Think about what this means from a pure design standpoint. A cover's first job is to communicate something — not everything, not literally, but something — about the book it contains. If the cover produces completely the wrong associations in almost every person who sees it, it has failed at the most basic level of its function. Penguin's own teaser campaign proved the cover didn't work before the book even went on sale. They just didn't notice, didn't care or maybe the Art Editor was on holiday.
The comments on the Facebook post numbered 677, and they were not kind. "Creepy." "Sexualised." "Inappropriate garbage." Lolita jokes multiplied. Jon Benét Ramsey was mentioned repeatedly. Author Joanne Harris (Chocolat) tweeted: "I'm not sure why adults need a different cover anyway, but who was it who decided that 'adult' meant 'inappropriately sexualised'?" Patrick Ness (A Monster Calls and stacks of others) went further, describing the cover as a publishing mistake on a par with the Hitler Diaries. The Guardian named it one of the worst book covers ever made.
Independent booksellers reported that they wouldn't stock it. One called it "so postmodern it's not even relevant to the story." A floor manager at a Washington DC bookshop, when asked about the cover, responded simply: "You mean, the worst cover ever?"
Penguin's Defence (Which Made Everything Worse)

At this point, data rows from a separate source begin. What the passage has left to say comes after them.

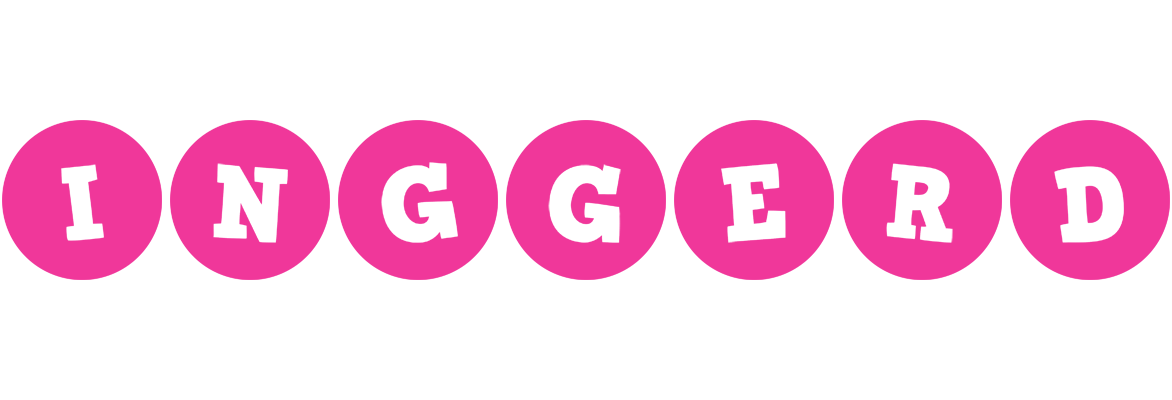 Inggerd poker logo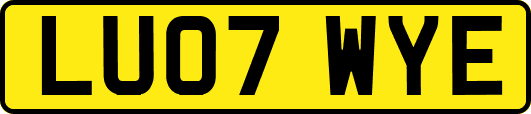 LU07WYE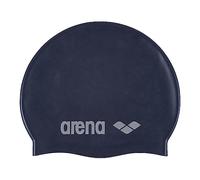 Arena Swimwear Gorro de natación Classic Silicone Junior – Unisex, niños y niñas, borde reforzado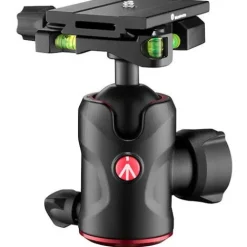 Manfrotto Tripod Heads>MH496-Q6 Center Ball Head with Q6 Arca-type Quick Release Plate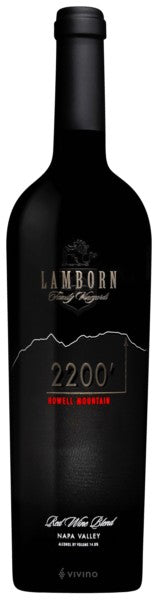 Lamborn - 2200' Red Blend 2017 (750ml)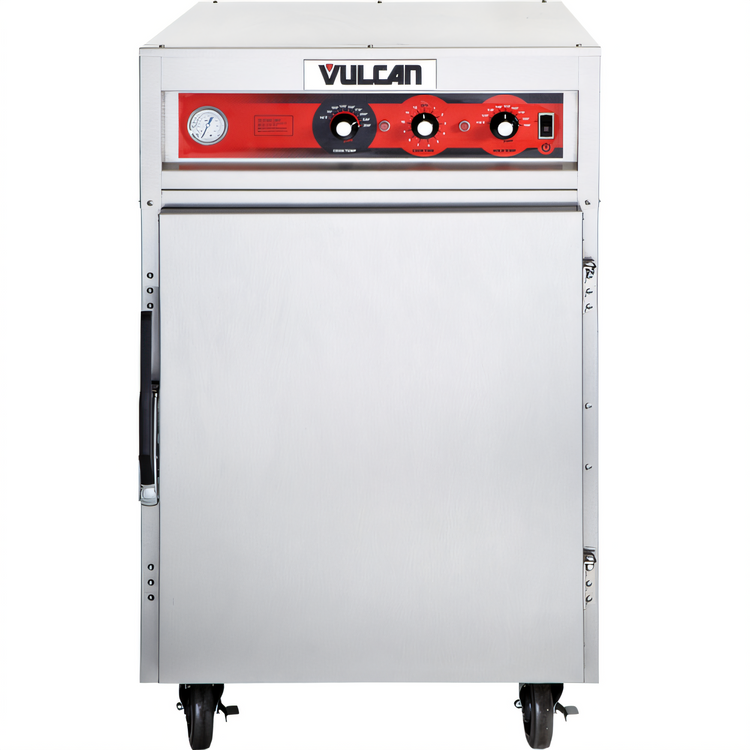 Product image #2 for Vulcan VRH8 Mobile Single-Compartment Half-Height Cook and Hold Oven, 8 Full-Size Sheet Pan Capacity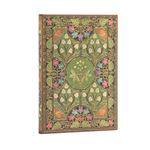Agenda Midi 2021 Paperblanks 12 meses Poesía flor en oferta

What happened next was a case study in how not to handle a public relations crisis.
Penguin defended the cover. Repeatedly. Loudly. With increasing desperation. Reading between the lines, it sounds like there was a budget and it had all been spent, so the book was coming out regardless.
Helen Conford, publishing director at Penguin Press, told The Bookseller: "We wanted something that spoke about the other qualities in the book." The official statement released by the publisher read: "This new image looks at the children at the centre of the story, and highlights the way Roald Dahl's writing manages to embrace both the light and the dark aspects of life."
Hmmmm.
They also clarified — apparently in all seriousness — that the girl in the image was not intended to represent either Violet Beauregarde or Veruca Salt, but was instead a representation of the "twisted" parent-child relationships depicted in the book. The cover, they explained, had been approved by Dahl's literary estate (which is a very long podcast interview I’d love to listen to).

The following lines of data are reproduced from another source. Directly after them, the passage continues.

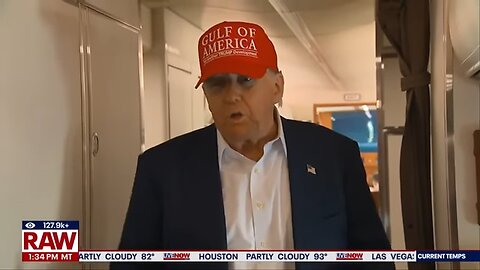 President Trump on tax bill, Jerome Powell & tariffs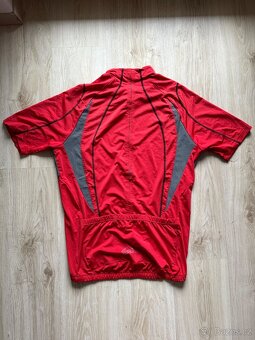cyklistický dres Endura červený, vel. XXL - 2
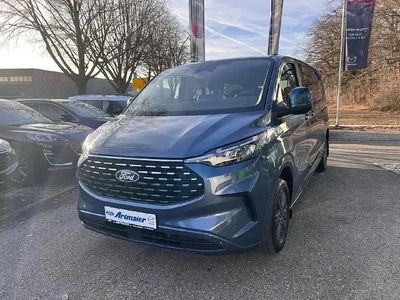 Usata Ford Tourneo Custom 150 CV (110 kW) 2024 Blu Furgone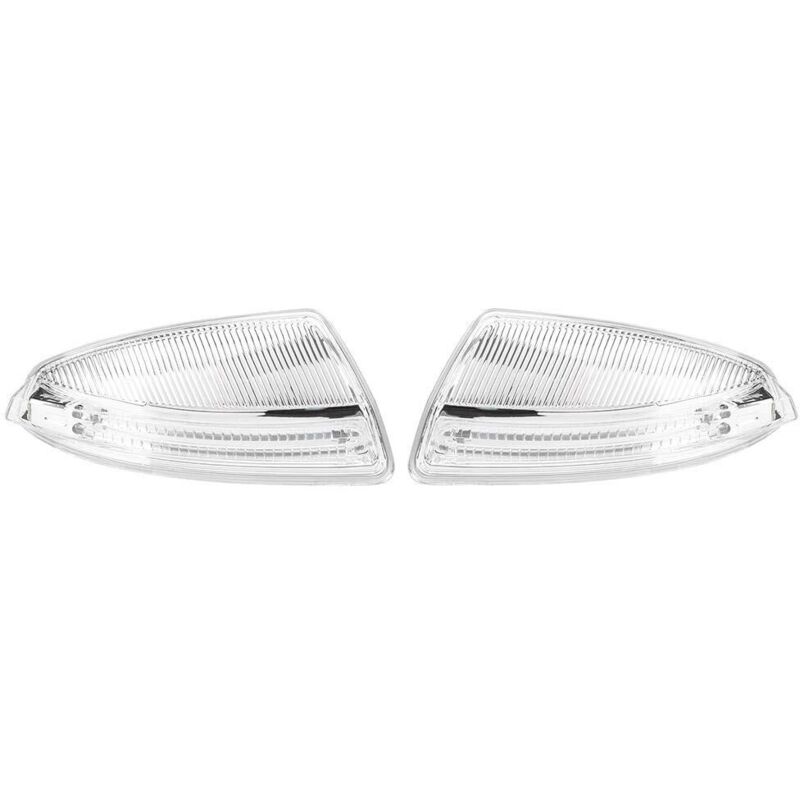 Eosnow - Paire de rétroviseurs led clignotants A2048200721, adaptés à Mercedes Benz classe c W204 08-10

Creative Review, the design industry's trade bible, weighed in supportively, arguing that the image touched on "one of the main undercurrents in the book: the relationship between children and their parents, and what can happen when fame and fortune enter into their lives."
If I’m generous here for a moment and engage with this defence on its own terms. Is Penguin right that Charlie and the Chocolate Factory is a dark book? Yes, absolutely. Is it right that the adult edition warrants a cover that signals that darkness? Possibly. Is the twisted parent-child relationship a genuine theme of the novel? It is.
But a cover that requires a 200-word explanatory press release to justify its connection to the book it's covering has already failed. Design that needs to be explained isn't working. The connection between image and content has to be felt, not decoded. And "this isn't Veruca Salt, it's a metaphor for parental pressure in consumer culture" is not a feeling, it's a lecture.
The defence also missed the central objection entirely. Most people weren't angry because the cover was too dark for a children's book. They were angry because it looked like something it shouldn't. A child sexualised in a way that, whatever the artistic intentions of the original Numéro shoot, read as deeply inappropriate when attached to a book that generations of actual children had grown up loving. The image didn't just fail to communicate Charlie. It communicated something actively disturbing instead.
What the Cover Gets Wrong About Dahl's Darkness
Roald Dahl's darkness is not the darkness of Numéro fashion editorials. It is not sophisticated or ironic or knowing. It is the darkness of fairy tales. Primal, comic, gleefully cruel, morally absolute. When Augustus Gloop falls into the chocolate river, it is funny and horrible simultaneously. When Veruca Salt goes down the rubbish chute, it is a punishment that fits the crime with the satisfying precision of a fable. The darkness in Dahl is theatrical. Exaggerated, performative, designed to produce in the child reader a delighted shudder.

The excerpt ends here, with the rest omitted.